During the 1913–14 off-season, Bigler returned to Juniata and managed the Eagles basketball squad. In 1914 he was back with Utica for a brief tryout, drew another release, and spent the remainder of the year playing semi-pro ball. In 1915, he signed with the Gettysburg Patriots of the new Blue Ridge League. He had the best season of his professional career with a season batting average of .283 and 38 stolen bases while playing third base. He was also named to the Blue Ridge League End of Season All-Star team in 1915. He once again played with Gettysburg in 1916. In the off-season, he attended Springfield College, where he would earn a master's degree in physical education, playing for their basketball team.

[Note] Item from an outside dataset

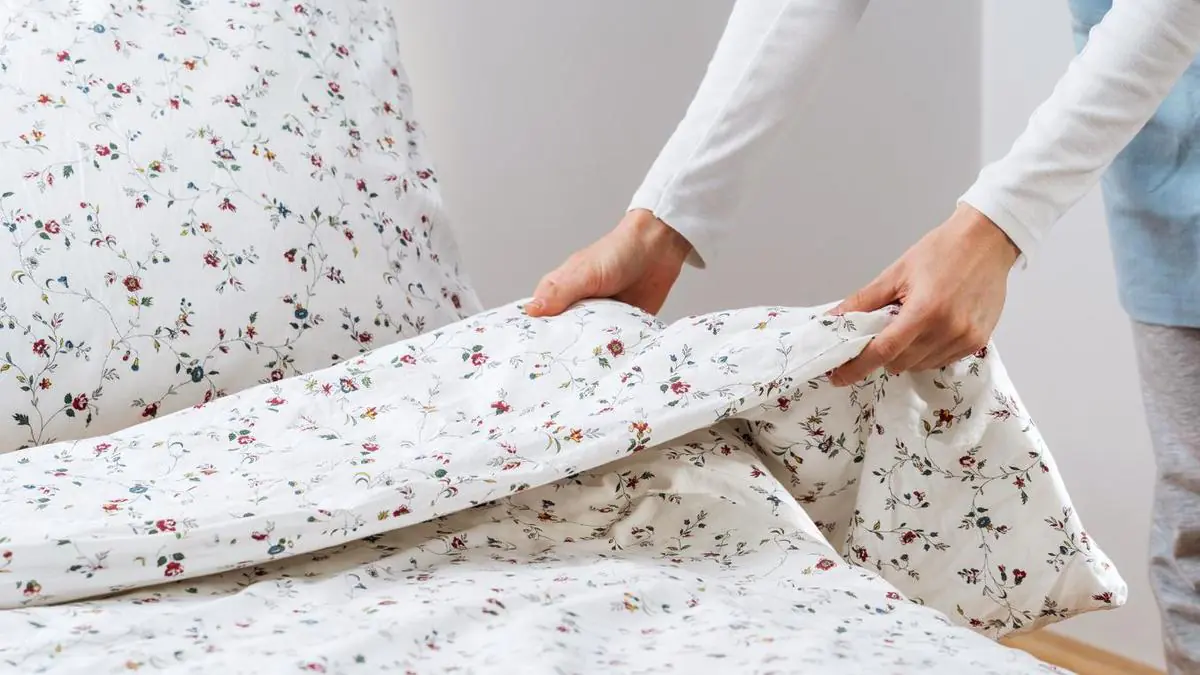 „Ložní prádlo není potřeba měnit tak často“: odbornice prozradila přesnou a překvapivou normu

On September 15, 1916, Bigler was picked up by the St. Louis Browns in the Rule 5 draft. He began the season as a backup third baseman to Jimmy Austin. On May 6, 1917, Bigler made his one and only appearance in a major league game in the seventh inning. He became a pinch runner for pinch hitter Bill Rumler, who had pinch hit for relief pitcher Eddie Plank. He was left on base and was replaced in the lineup by relief pitcher Bob Groom. After his one appearance, he remained on the Browns roster until early May, when he was released to Wichita of the Western League. After playing in just eight games from May 12 through May 20 and batting .111 (4-for-36), he was returned to St. Louis. However, he did not get into another game. Bigler was not the only player to have a one-game career for the Browns in 1917. Tom Richardson, Ed Murray, Otto Neu, and Kewpie Pennington joined him on the list.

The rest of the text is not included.